-- TASK --
Nothing in the records may be altered, and no picture may be included. Restate them in full.

(Records from a data collection)
########

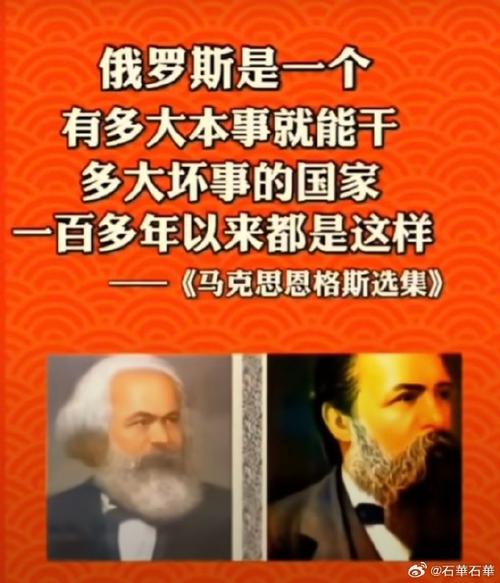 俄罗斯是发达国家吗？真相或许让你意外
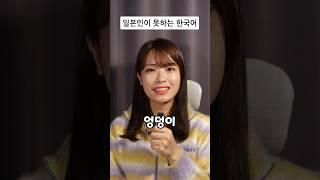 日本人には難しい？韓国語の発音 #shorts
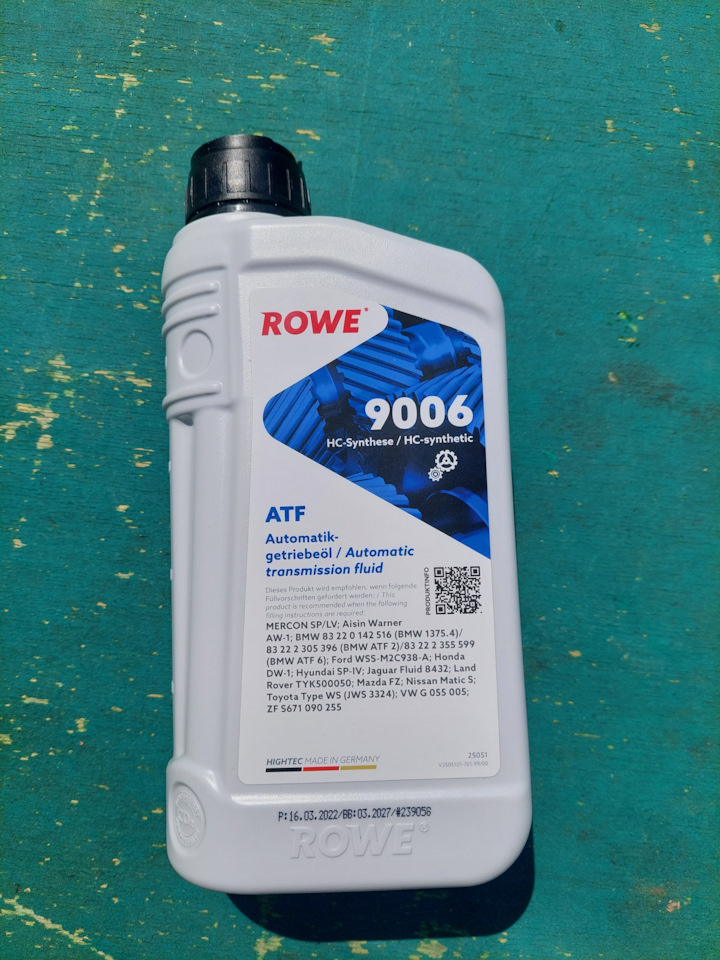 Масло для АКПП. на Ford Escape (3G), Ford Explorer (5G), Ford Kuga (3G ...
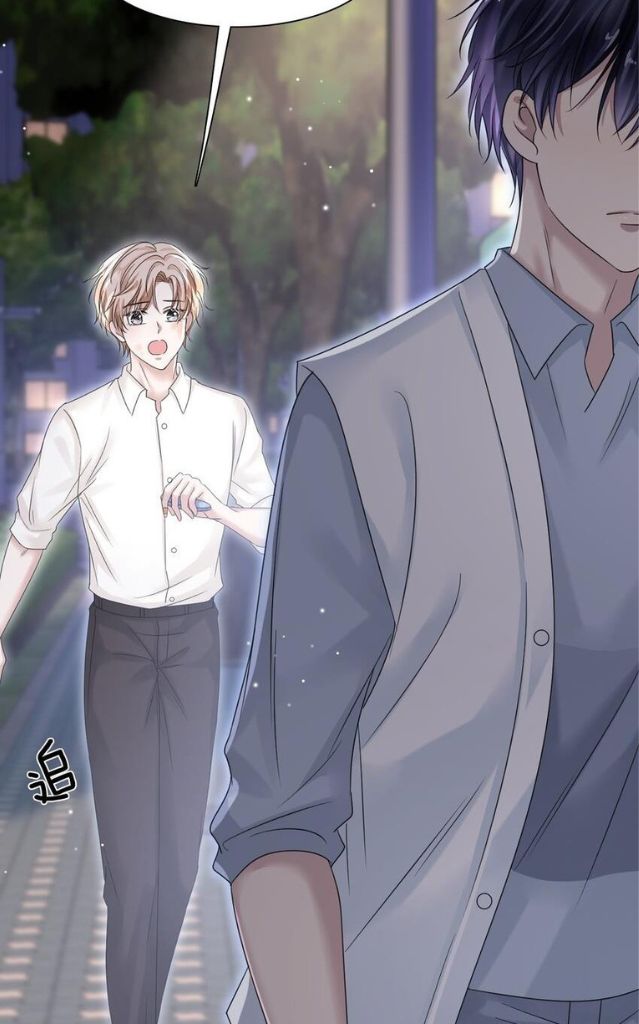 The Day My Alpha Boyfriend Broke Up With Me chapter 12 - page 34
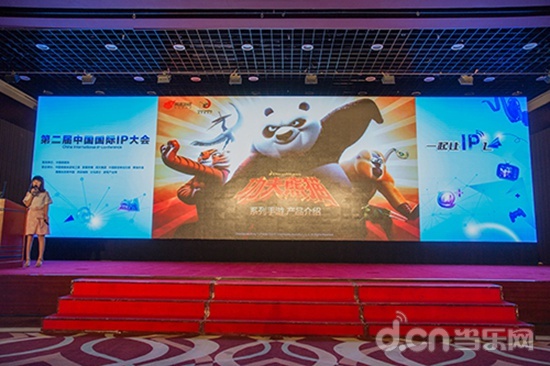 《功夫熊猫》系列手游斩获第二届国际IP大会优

########

-- RESULT OF THIS EXERCISE --
 俄罗斯是发达国家吗？真相或许让你意外
 日本人には難しい？韓国語の発音 #shorts
 Масло для АКПП. на Ford Escape (3G), Ford Explorer (5G), Ford Kuga (3G ...
 The Day My Alpha Boyfriend Broke Up With Me chapter 12 - page 34
 《功夫熊猫》系列手游斩获第二届国际IP大会优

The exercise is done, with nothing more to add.